Unless, of course, those scouts are from Team Canada. And they show up in the Center of the Hockey Universe.
With both Steve Yzerman and Peter Chiarelli set to be at the Air Canada Centre for tonight's Toronto vs. Anaheim tilt, it's fair to speculate on who they came to see.
Getzlaf might be in tough because of Canada's embarrassment of riches at center, but he
has 18 goals in 58 points in his last 52 games and brings an imposing presence to the position. Perry is a natural winger and a pure sniper, a quality Yzerman has said he'll prioritize after Canada's offense failed to click in Torino.
The two obviously have great chemistry, something that might enhance their value as a two-fer given the lack of practice time before the Winter Games. Slide someone like Taylor Hall on their left flank and you'd have a quick, dangerous, physically imposing third line that would cause the opposition fits.
But honestly, there's not a lot to see there. Both players have an established body of work, and are already on the short list. The heavy scouting on them will probably come in the final few weeks before the roster deadline of Dec. 31, just to get a fix on their current play.
Bernier, who gets the start tonight against the Ducks, wasn't on Canada's radar to start the season, but he's played his way into consideration. And, from his perspective anyway, the scouts couldn't have picked a better night to see him. He's coming off a solid performance against the Blackhawks on Saturday night and was 2-1-1 with 2.28 GAA in four career starts against Ducks while with the Kings.
His .938 save percentage ranks third among Canadian stoppers, and his 2.14 GAA stands fifth. It's almost inconceivable that he would see action in Sochi, but he'd be an intriguing option for the third spot.
Lupul ranks fifth among Canadian forwards with 10 points through nine games and, like Perry, is a gifted sniper. He's not the quickest skater, and he tends to disappear for stretches, but when he's on his game he's as dangerous as they come, with a quick release and an eye for any opportunity to shoot.

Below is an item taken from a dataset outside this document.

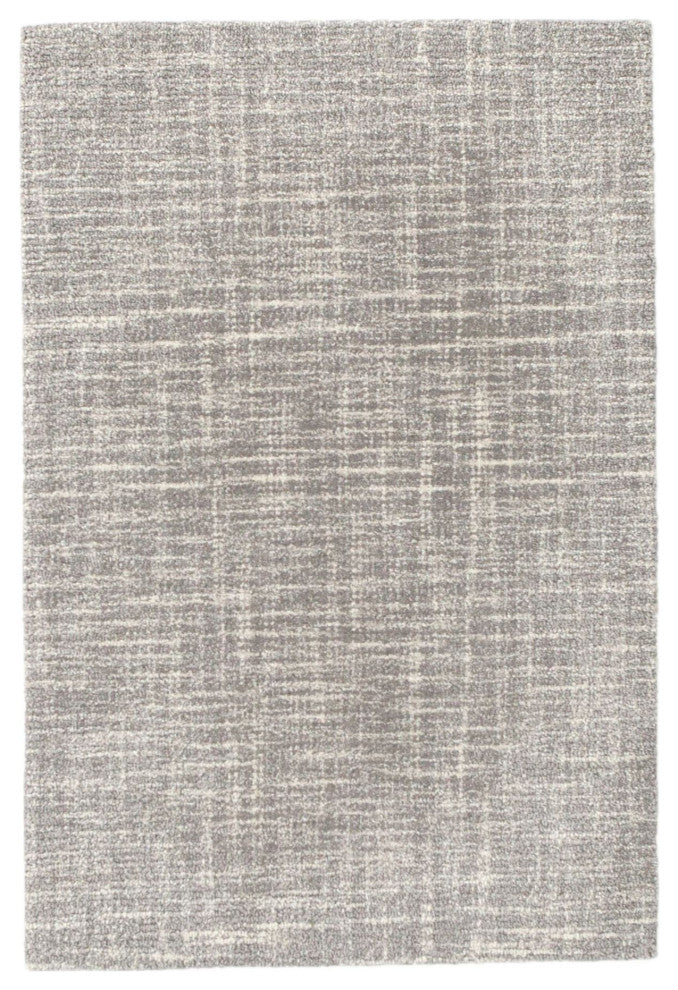 Dash & Albert Crosshatch Dove Grey Hand Micro Hooked Wool Rug, Grey, 6' x 9'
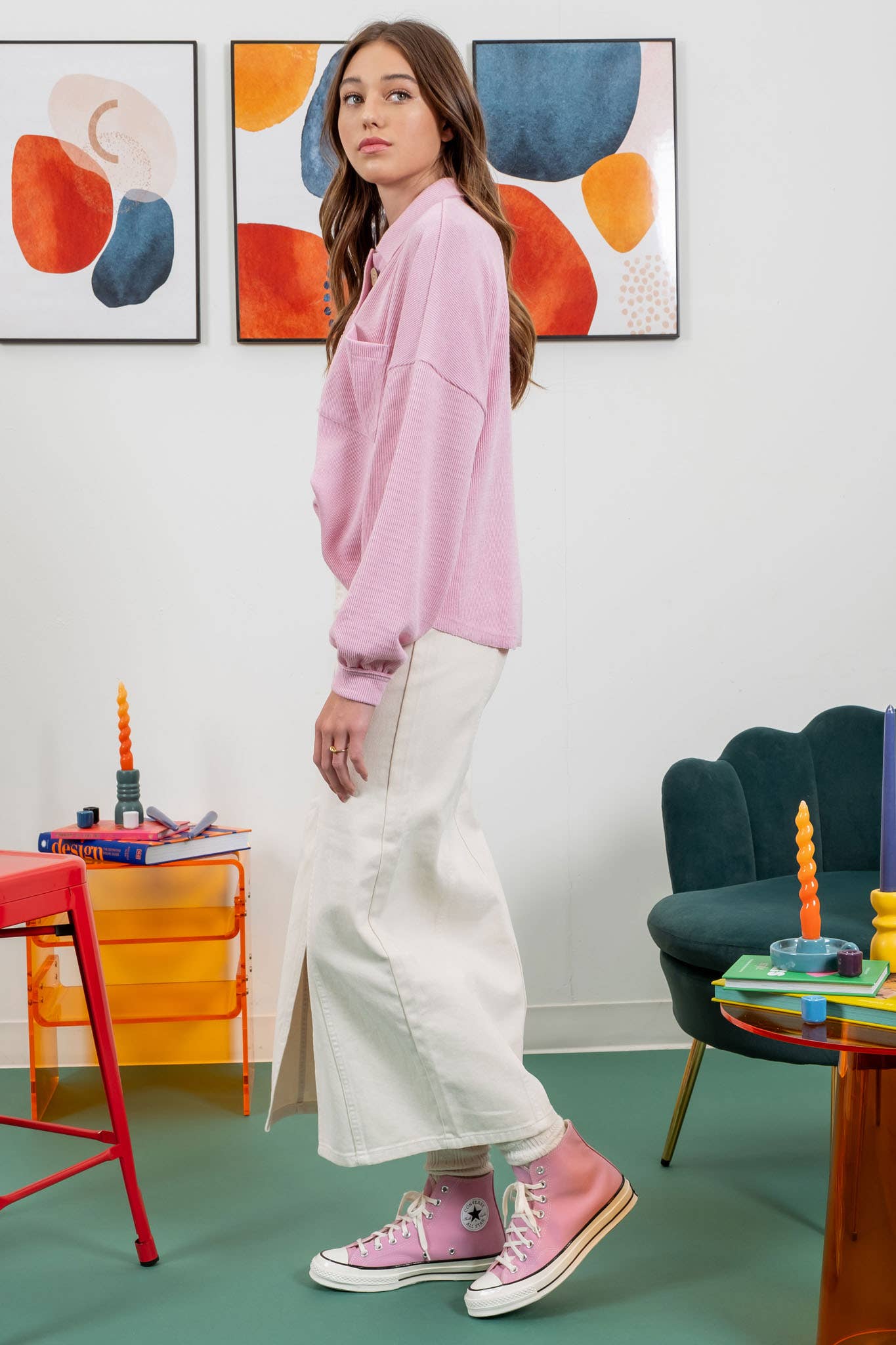 Blu Pepper - Venta al por mayor Jersey corto de punto - Mujer - TOP DE PUNTO CON CUELLO Y BORDES CRUDOS46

Most of the forwards Canada takes will be centers, and most of them will be playing out of position. As a natural winger, Lupul might have some advantages that are, if nothing else, worth exploring. Neither player was invited to Canada's summer camp, but team management made it clear that the real evaluation period would be the NHL's regular season. Based on how well they've played so far, both Bernier and Lupul deserve a closer look.